In the last blog, we asked how we decide what our core Christian beliefs are. Of course, they come from the Bible but the problem is that there are all manner of interpretations of the Bible and there are all manner of ideas concerning which Biblical teaching is a core belief. However, I believe there are a few principles upon which all Christians should agree.
First, we should consider the earliest Christian creeds as the most authoritative. These creeds were developed closer to the time of Jesus and have had less of a chance for erroneous and/or nonessential ideas to infiltrate. As we mentioned last week, the earlier creeds are much simpler than the later. If the writers of the early creeds did not consider a particular Biblical teaching to be a core belief, why did the writers of the later creeds?
Second, Paul tells us Jesus’ death and resurrection for our sins is the gospel (I Corinthians 15:1-7).

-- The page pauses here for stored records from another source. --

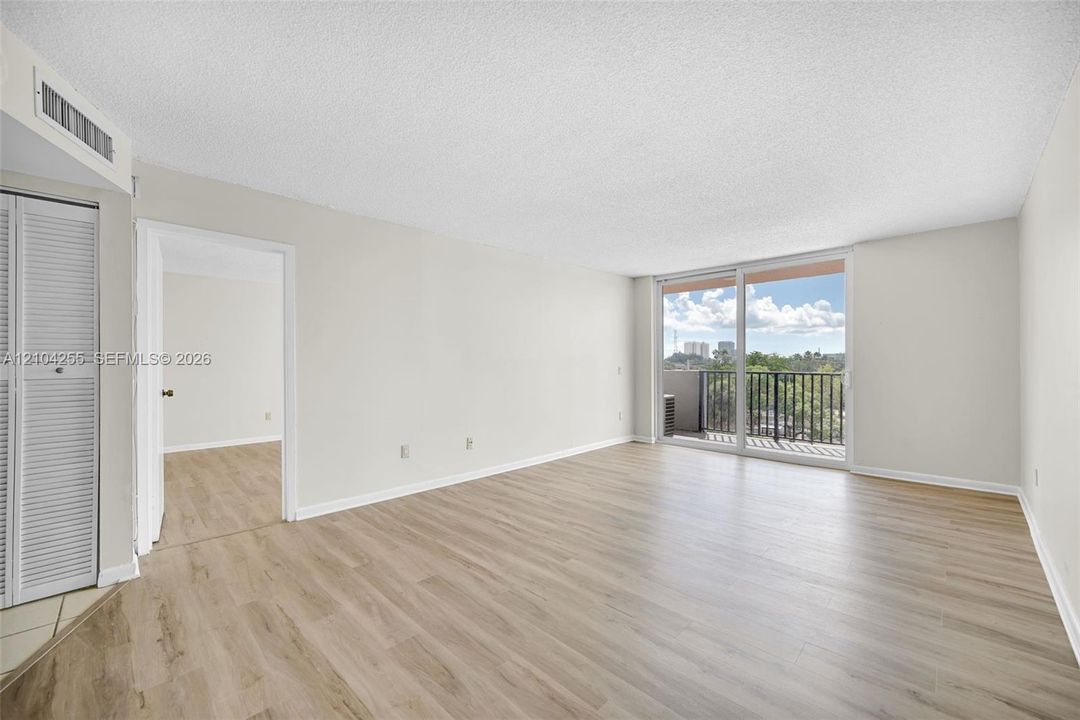 En Venta: $119,000 (1 camas, 1 baños, 808 Pies cuadrados)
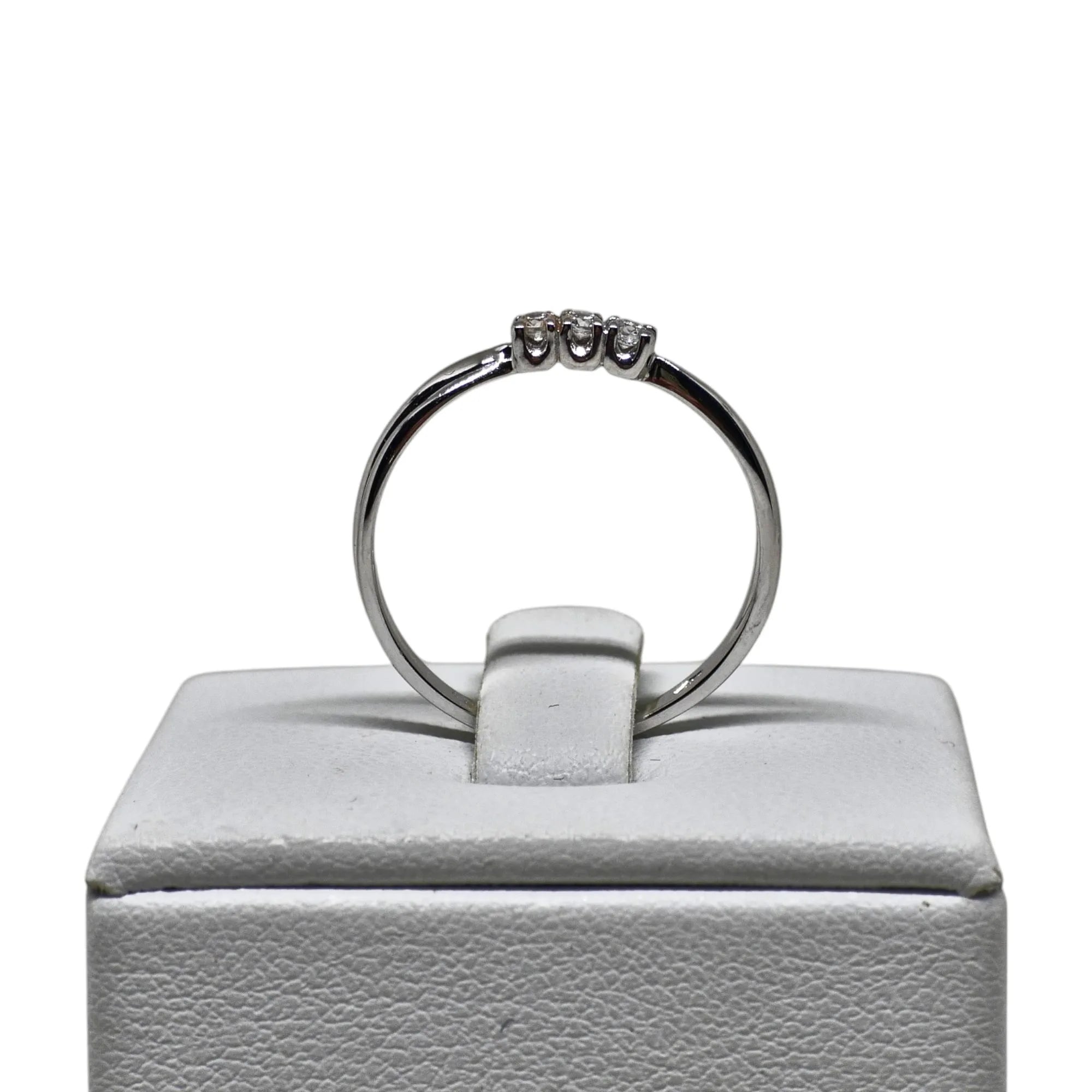 Anello donna trilogy in oro bianco 9 carati con zirconi bianchi piccoli
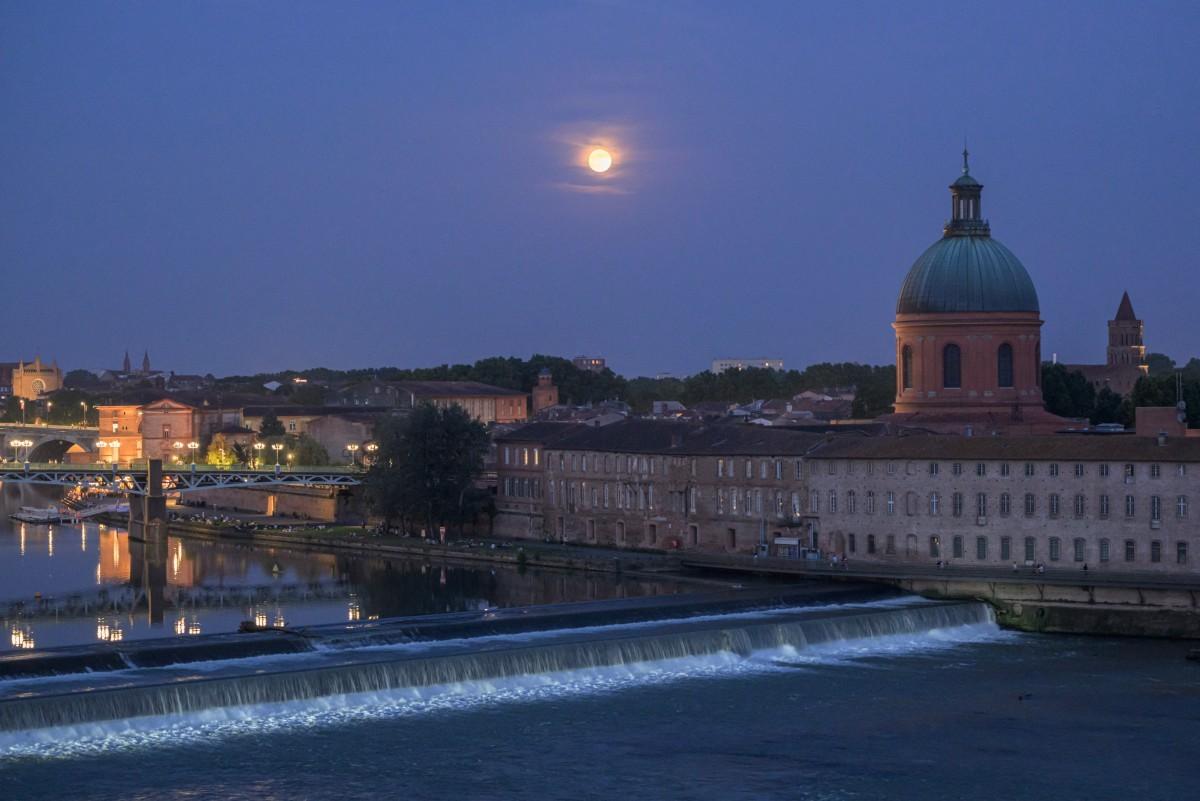 Lua cheia sobre o Dome de la Grave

This is the main reason why Jesus came to this earth; it was not to teach us about the Trinity or baptism. Jesus’ death and resurrection for our sins must be a central part of our faith.
Third, Christianity is about Jesus. Much of Jesus’ teachings involve our actions and the person we become (Matthew 13:41-50, Matthew 25:31-46, Luke 18:18-30, John 5:27-29, John 12:44-50) so our core beliefs must address our actions as well as our beliefs.
Taking the above three principles, I believe our core beliefs should include: Belief in God, Jesus and his death and resurrection for our sins, the Holy Spirit, the universal Church, our eternal existence, and our judgment by Jesus. These tenants clearly follow the early Christian creeds. The only thing I would add concerns our judgment by Jesus—we will be judged according to our actions and the person we become not just our beliefs.